Wherever the word "Mercedes" appears in a line of the records, copy that line.

RECORDS PROVIDED -
----

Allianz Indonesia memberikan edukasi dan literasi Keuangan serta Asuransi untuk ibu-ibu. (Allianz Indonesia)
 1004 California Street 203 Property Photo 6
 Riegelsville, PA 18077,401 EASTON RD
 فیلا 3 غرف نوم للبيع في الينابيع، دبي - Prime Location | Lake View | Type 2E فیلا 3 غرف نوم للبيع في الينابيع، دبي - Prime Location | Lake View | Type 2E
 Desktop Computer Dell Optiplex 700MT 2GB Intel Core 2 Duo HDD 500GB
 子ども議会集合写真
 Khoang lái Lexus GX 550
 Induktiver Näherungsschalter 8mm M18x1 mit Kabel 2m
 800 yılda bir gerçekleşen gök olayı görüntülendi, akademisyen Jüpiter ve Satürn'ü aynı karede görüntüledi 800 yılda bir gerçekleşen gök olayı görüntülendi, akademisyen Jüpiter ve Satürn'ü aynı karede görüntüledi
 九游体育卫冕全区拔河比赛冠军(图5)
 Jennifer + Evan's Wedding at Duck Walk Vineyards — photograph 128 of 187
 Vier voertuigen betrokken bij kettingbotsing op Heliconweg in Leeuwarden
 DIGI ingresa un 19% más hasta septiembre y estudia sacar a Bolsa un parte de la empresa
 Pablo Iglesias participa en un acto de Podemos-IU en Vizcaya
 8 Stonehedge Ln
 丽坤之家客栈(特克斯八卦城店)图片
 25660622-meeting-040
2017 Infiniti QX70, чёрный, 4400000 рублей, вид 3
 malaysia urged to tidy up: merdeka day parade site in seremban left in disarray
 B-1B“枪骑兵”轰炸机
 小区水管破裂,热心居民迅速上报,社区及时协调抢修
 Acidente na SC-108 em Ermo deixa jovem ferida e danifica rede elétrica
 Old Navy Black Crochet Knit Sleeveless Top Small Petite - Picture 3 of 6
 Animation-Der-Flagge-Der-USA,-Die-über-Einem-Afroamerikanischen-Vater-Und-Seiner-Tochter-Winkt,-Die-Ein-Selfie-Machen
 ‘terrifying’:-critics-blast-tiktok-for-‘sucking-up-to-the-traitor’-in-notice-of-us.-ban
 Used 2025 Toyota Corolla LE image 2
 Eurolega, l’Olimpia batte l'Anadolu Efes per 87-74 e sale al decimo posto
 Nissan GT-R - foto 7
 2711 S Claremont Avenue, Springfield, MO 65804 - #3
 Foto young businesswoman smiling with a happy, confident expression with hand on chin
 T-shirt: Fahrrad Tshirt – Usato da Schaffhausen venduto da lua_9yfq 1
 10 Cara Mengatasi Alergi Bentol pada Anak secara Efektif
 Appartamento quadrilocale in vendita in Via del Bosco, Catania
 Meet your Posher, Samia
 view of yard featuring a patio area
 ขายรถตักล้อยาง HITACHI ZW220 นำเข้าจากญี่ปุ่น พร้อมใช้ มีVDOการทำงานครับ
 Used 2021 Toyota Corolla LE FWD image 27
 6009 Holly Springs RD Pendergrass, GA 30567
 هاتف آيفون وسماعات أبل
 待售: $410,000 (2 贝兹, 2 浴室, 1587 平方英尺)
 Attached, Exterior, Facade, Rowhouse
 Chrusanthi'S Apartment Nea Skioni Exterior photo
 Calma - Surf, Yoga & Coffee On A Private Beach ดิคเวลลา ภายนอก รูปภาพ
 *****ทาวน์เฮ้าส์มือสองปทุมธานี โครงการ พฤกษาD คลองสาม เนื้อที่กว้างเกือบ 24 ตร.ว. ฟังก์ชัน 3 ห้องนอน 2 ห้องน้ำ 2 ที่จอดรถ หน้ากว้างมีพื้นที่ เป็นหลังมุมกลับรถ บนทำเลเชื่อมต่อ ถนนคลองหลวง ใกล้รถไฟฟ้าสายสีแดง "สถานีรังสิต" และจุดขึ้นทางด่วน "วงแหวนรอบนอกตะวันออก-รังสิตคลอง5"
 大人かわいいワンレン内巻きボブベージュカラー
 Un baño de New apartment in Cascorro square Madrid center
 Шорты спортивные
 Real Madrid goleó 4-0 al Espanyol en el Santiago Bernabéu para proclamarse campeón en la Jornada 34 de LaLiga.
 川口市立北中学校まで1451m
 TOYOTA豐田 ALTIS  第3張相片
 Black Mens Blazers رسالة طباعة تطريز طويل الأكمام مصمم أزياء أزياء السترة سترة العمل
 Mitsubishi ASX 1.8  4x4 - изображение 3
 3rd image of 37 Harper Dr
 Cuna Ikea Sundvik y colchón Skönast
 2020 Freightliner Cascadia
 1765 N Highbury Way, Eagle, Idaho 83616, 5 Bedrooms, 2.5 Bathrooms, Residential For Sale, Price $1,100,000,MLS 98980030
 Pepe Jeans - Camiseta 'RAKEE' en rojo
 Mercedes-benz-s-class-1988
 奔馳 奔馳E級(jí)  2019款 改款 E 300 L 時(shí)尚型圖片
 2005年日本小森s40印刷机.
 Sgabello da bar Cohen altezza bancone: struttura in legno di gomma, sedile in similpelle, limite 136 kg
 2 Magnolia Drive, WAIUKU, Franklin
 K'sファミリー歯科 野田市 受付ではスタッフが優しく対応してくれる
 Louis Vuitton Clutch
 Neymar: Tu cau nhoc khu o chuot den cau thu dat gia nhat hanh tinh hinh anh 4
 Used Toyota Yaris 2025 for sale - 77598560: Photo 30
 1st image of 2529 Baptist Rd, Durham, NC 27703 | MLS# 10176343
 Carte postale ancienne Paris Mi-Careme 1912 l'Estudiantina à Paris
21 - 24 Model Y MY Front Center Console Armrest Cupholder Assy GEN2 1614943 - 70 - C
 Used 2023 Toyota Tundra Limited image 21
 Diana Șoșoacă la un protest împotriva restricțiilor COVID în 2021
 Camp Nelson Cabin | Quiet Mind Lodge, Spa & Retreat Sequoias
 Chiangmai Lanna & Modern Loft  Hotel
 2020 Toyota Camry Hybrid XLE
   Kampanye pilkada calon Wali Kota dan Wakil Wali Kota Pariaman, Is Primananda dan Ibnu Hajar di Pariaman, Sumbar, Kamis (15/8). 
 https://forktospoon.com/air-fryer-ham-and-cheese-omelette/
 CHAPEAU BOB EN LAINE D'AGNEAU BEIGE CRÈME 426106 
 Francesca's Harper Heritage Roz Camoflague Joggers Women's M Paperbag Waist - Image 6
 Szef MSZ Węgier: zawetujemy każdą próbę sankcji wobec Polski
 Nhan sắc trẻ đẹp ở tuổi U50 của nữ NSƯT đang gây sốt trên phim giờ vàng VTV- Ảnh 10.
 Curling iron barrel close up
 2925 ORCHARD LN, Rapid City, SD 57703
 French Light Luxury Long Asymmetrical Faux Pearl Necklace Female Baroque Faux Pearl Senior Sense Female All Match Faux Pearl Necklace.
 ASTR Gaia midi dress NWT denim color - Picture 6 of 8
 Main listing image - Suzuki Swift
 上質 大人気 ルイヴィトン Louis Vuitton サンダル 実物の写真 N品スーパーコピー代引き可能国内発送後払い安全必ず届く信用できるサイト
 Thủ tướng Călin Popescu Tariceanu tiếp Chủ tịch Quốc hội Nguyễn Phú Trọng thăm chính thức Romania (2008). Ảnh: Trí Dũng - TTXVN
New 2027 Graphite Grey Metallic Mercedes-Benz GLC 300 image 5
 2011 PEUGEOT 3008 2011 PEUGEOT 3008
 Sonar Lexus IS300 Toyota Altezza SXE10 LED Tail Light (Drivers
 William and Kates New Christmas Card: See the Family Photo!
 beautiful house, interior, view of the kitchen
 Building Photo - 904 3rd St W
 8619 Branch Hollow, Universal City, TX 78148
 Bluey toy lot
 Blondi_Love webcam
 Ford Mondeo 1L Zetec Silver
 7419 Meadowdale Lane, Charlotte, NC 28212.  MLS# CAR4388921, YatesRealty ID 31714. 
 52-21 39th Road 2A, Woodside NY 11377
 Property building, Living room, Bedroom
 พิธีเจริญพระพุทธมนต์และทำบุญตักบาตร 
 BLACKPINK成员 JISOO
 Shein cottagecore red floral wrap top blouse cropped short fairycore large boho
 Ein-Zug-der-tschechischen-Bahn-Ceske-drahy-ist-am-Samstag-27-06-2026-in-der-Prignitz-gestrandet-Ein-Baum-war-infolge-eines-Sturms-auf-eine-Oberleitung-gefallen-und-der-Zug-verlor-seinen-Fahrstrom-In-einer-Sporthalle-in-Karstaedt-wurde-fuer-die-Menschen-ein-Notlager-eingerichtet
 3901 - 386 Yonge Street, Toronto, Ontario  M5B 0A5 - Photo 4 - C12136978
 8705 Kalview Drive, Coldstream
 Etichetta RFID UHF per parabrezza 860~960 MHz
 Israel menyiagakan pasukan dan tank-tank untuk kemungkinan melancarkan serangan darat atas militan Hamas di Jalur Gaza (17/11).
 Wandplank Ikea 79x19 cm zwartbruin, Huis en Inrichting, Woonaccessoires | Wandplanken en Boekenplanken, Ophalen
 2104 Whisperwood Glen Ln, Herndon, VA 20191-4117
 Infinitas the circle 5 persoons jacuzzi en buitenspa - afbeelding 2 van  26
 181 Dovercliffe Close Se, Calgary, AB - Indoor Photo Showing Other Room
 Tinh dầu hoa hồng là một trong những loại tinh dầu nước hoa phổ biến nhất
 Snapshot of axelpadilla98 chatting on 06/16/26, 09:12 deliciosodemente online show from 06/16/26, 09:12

----

RESULT -
 Mercedes-benz-s-class-1988
New 2027 Graphite Grey Metallic Mercedes-Benz GLC 300 image 5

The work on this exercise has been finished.